El dolor posa nítido en la guerra incluso desenfocado. Sierra Leona, Iraq, Kosovo, Liberia, Pakistán. Sus nombres anuncian desastre humanitario, titulares de noticias bélicas y activistas sociales desaparecidos. Hasta ellos viaja Hondros, varias veces al año, para ver el desarrollo del conflicto. En la orla de las naciones desunidas estos países repiten curso por quinta vez: son los más viejos, arrugados por la deshidratación y la guerra.
Ayudó su instantánea de un joven combatiente en una Liberia herida durante 2003 para que las Naciones Unidas tomaran conciencia sobre la perturbadora situación del país africano.
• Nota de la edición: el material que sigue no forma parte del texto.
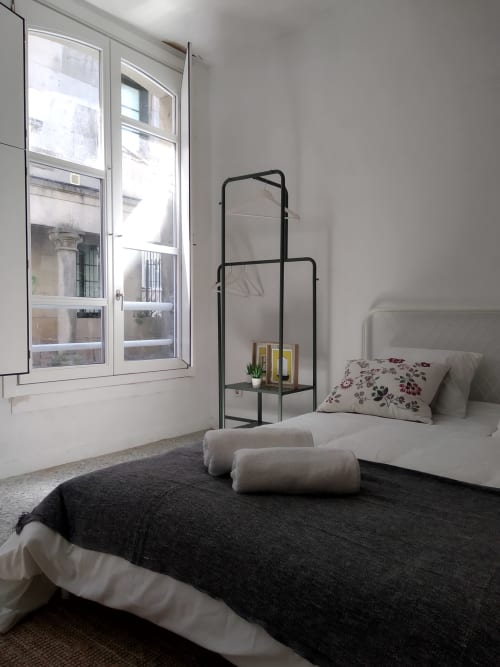 Habitación para 4 personas del APT. El apartamento del Slow City Hostel de Pontevedra. Vista del casco histórico de Pontevedra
Las fotografías de Hondros no ayudan a ver para creer, sino a ver para doler.
Leyendo
En el vientre de la yihab, de Alexandra Gil
Sencilla y rápida. Si es un lector constante, la lectura del libro de la periodista Alexandra Gil, En el vientre de la yihab, no durará mas de una semana. Posiblemente, el mismo periodo de tiempo que tardó la madre de uno de los protagonistas en viajar desde Francia hasta Estambul: para una vez allí, cruzar la frontera hasta Siria, país hacia el que su propio hijo ya emprendió un año y medio antes el mismo viaje; pero con el objetivo de combatir en las filas de Daesh.
El libro se compone de testimonios de las familias, en concreto de las madres a excepción de un capítulo en el que la historia es narrada por el progenitor, de aquellos jóvenes que viviendo en Francia o Bélgica decidieron unirse al ejército del Estado Islámico.
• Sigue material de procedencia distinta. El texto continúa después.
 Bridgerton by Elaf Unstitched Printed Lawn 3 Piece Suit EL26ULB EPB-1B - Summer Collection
Sencilla y rápida. La metamorfosis de estos hijos, hermanos, y amigos tiene explicación. Se lamentan algunas madres ante la periodista de no haber anticipado el giro radical de sus hijos, no haber vigilado con más entusiasmo el cambio de amistades, o no intuir en sus nuevas costumbres religiosas un atisbo de radicalidad infundida por el imán de la mezquita contigua.
Caminando
Casa de la Memoria, Medellín (Colombia)
Enquistada entre muchas comunas, cerca de la Quebrada Santa Bárbara y lejos de la zona cosmopolita, el núcleo moderno El Poblado, encuentra uno caminando la Casa de la Memoria. En mis recuerdos, una entrada amplia con techos muy altos, en la mesa de la recepción un libro de tapa dura poblado de firmas nacionalidades y fechas. Brasil, España, y gringos. En las entrañas del recuerdo, el lóbulo límbico colombiano reconstruye la historia del conflicto a través de los sentidos. Violencia contra la tierra y todas las formas de infertilidad del piso tras el paso de guerrillas, ejército y narcotráfico por las postrimerías de los Andes.
La Casa acoge un glosario de términos en los que niños reescriben la definición de conceptos relacionados con la vida y la guerra.
Paz
“Es el fruto de la tierra que todavía sobrevive”, Daniela Narváez, ocho años; “es para unos que matan mucho”, Jonny Alexander, ocho años.
Niño
“Humano en tamaño pequeño”, Alejandro López, nueve años; “Damnificado de la violencia”, Jorge A. Villegas, once años.